8th March 2008

Emmy and the Incredible Shrinking Rat

posted in book challenge, fantasy, book review, children's literature |

Emmy and the Incredible Shrinking Rat by Lynne Jonell (2007)

Emmy and the Incredible Shrinking Rat Book Cover“It’s the meanest thing in the world,” said Emmy severely, “to ignore someone. It makes a person feel like she doesn’t even exist.”

When Emmy says these words to the Rat, she’s speaking from experience. Invisibility might make for a handy superpower, but it’s not handy to feel invisible all of the time.

“Emmy was a good girl. At least she tried very hard to be good.” Despite Emmy’s being a good girl–getting good grades, obeying the adults in her life, and attending an overwhelming number of after school activities without protest–her parents keep leaving her in the care of her nanny Miss Barmy for protracted periods of time. Emmy convinces herself (with the help of Miss Barmy’s not-so-subtle jibes) that her parents’ absence is her fault; if she only did better in school or won more trophies, then surely her parents would not leave so much. But all of her striving is to no avail; ever since her parents received her Great-Great-Uncle William’s fortune they are like different people–people who hardly seem to recall they have a daughter.
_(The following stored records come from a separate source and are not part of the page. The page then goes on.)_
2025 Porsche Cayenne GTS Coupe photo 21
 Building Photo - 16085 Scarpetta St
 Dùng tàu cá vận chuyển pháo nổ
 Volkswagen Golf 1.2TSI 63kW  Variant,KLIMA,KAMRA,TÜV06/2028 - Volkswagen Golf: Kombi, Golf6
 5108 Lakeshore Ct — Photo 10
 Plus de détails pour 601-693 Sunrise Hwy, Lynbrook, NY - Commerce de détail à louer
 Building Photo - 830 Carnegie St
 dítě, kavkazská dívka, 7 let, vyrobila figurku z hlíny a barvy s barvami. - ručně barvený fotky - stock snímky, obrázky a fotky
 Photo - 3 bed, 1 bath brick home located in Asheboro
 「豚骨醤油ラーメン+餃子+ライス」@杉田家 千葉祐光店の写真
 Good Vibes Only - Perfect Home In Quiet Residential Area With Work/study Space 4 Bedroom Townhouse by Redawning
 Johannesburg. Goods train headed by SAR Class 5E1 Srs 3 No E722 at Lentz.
When Emmy makes friends with the class Rat she begins to realize that she’s not invisible. She also begins to realize that she’s in the midst of a mystery. Bizarreness, dark humor, and contact with rodent breeds increase as Emmy begins to ferret out the nefarious explanation for other people’s failure to notice her (chinchilla effect…).

As Emmy makes friends, she gains confidence in herself–in her abilities and in her worthiness of her parents love. With Joe Benson and the Rat at her side, she discovers the value and necessity of friendship: “Friends are people who help when things go wrong; but Miss Barmy had wanted her to be alone, without any help at all.”

Jonell creates a world replete with rodents, mystery, and danger through which her heroine Emmy must navigate in order to survive. What with the nasty nanny, the sardonic rodent, the dark plot twists and turns, and the lone child who overcomes it all, Jonell’s story will likely find many child fans.

For more works with a touch of the bizarre, talking animals, and/or mostly absent parents try: Eric Laster’s The Adventures of Erasmus Twiddle: Grmkville’s Famous and Talented Not-Detective, M.T. Anderson Whales on Stilts or The Clue of the Linoleum Lederhosen, Philip Ardagh’s Eddie Dickens trilogy, Georgia Bing’s Molly Moon, Ellen Potter’s Olivia Kidney, Lemony Snicket’s A Series of Unfortunate Events, Edith Nesbit’s Psammead trilogy (The Five Children and It, The Phoenix and the Carpet, and The Story of the Amulet), or pretty much anything and everything by Roald Dahl.